Before I go into the research, let me show you some of the people who have been contributing to this research, most importantly Florent Chevillard, but I'm also going to show you research by Dennis Schmidt and things that we have done in collaboration with Jillian Baker at Nottingham University, and also Brian Kobilka at Stanford University, and a little bit of research that we have done with Nuska Tschammer at Friedrich-Alexander-University in Erlangen.
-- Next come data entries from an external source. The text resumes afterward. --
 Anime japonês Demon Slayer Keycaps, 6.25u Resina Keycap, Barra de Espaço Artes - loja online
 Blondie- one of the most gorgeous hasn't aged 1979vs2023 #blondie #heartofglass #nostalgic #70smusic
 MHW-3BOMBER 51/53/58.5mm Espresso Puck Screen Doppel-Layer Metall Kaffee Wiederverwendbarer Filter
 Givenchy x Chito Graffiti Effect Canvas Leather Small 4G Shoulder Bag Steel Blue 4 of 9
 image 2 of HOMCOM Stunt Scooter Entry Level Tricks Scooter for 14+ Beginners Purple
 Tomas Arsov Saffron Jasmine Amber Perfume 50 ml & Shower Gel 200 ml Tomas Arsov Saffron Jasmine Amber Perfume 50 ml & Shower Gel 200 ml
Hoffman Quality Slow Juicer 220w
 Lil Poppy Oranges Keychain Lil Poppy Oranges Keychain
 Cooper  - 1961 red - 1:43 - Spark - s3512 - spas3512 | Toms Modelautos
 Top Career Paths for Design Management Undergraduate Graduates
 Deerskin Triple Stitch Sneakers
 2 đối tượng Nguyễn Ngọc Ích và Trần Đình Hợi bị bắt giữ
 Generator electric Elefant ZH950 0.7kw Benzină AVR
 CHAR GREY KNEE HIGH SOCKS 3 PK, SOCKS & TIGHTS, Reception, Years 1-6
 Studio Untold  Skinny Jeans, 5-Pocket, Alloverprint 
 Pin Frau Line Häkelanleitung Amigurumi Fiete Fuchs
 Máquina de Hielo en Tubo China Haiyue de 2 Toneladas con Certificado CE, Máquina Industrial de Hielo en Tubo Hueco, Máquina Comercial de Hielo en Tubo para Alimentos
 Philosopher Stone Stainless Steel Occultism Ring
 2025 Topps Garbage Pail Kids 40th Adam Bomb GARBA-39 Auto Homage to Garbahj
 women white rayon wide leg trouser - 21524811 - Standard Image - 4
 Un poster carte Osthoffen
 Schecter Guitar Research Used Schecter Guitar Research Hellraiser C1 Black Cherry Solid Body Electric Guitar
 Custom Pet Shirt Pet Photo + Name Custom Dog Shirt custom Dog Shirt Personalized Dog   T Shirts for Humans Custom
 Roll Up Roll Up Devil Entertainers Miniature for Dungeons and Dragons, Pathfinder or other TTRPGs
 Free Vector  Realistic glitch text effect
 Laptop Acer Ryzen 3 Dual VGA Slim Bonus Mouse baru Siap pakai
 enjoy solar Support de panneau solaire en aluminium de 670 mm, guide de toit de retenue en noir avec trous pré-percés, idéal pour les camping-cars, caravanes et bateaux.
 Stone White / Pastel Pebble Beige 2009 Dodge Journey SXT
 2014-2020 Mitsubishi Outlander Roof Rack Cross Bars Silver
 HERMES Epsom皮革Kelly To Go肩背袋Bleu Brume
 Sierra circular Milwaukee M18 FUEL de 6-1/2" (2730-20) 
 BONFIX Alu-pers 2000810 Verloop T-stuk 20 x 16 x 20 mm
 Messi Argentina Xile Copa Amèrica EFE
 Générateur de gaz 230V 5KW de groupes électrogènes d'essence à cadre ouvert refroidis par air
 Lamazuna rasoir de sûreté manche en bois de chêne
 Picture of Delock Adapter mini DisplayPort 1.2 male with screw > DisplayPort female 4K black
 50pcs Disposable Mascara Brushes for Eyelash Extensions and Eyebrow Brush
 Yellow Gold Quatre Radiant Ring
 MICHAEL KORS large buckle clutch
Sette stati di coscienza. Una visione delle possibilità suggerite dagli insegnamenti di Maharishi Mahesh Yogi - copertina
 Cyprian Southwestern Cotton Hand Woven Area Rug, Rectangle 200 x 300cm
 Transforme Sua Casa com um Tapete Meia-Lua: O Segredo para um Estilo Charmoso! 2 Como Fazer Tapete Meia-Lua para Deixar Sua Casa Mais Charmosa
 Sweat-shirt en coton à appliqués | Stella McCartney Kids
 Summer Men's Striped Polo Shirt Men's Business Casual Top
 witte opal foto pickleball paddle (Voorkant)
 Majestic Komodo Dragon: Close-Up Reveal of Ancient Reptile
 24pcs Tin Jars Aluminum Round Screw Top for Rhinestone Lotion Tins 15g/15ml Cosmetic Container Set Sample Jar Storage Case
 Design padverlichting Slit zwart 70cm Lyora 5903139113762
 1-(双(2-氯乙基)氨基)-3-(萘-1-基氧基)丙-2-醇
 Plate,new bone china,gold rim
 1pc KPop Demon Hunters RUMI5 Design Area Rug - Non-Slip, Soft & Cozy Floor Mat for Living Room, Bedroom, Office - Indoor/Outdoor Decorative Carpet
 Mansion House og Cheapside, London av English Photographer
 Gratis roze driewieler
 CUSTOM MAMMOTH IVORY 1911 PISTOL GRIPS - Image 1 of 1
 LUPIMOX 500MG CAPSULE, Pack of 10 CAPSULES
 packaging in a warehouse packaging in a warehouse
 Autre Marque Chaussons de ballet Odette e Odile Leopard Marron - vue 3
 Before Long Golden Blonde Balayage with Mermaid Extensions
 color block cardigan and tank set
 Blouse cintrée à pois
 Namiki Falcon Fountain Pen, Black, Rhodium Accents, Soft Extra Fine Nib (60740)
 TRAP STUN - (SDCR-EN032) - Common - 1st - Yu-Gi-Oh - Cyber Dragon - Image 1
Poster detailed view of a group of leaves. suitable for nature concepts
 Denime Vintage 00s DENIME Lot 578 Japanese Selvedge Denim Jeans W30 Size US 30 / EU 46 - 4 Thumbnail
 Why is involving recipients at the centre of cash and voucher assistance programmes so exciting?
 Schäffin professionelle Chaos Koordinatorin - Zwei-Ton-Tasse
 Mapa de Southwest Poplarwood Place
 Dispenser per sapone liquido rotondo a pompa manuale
I'm showing you a word cloud that exemplifies the research that we're doing. You can see that receptors and G protein-coupled receptors (GPCRs) are our most investigated targets. We are trying to find ligands and inhibitors for these receptors, agonists, inverse agonists, and antagonists. We are trying to get more into the chemical space to find novel compounds, novel molecules, that might have novel effects and modulatory effects on the receptors and proteins in general.
This is my cartoon representation of what structure-based ligand discovery is. We have a protein (this is the box) that has binding pockets, which are the holes in this box that you can see. We have little blocks of different shapes, and we try to find the block with the corresponding shape for a particular binding pocket. Why is this something that you don't do in kindergarten any more? The answer is that both the box as well as the blocks that we have, change their shape so they are flexible. Plus, we have in the order of tens of millions of blocks that we can try to fit into any given binding pocket, so this becomes a fundamentally harder problem.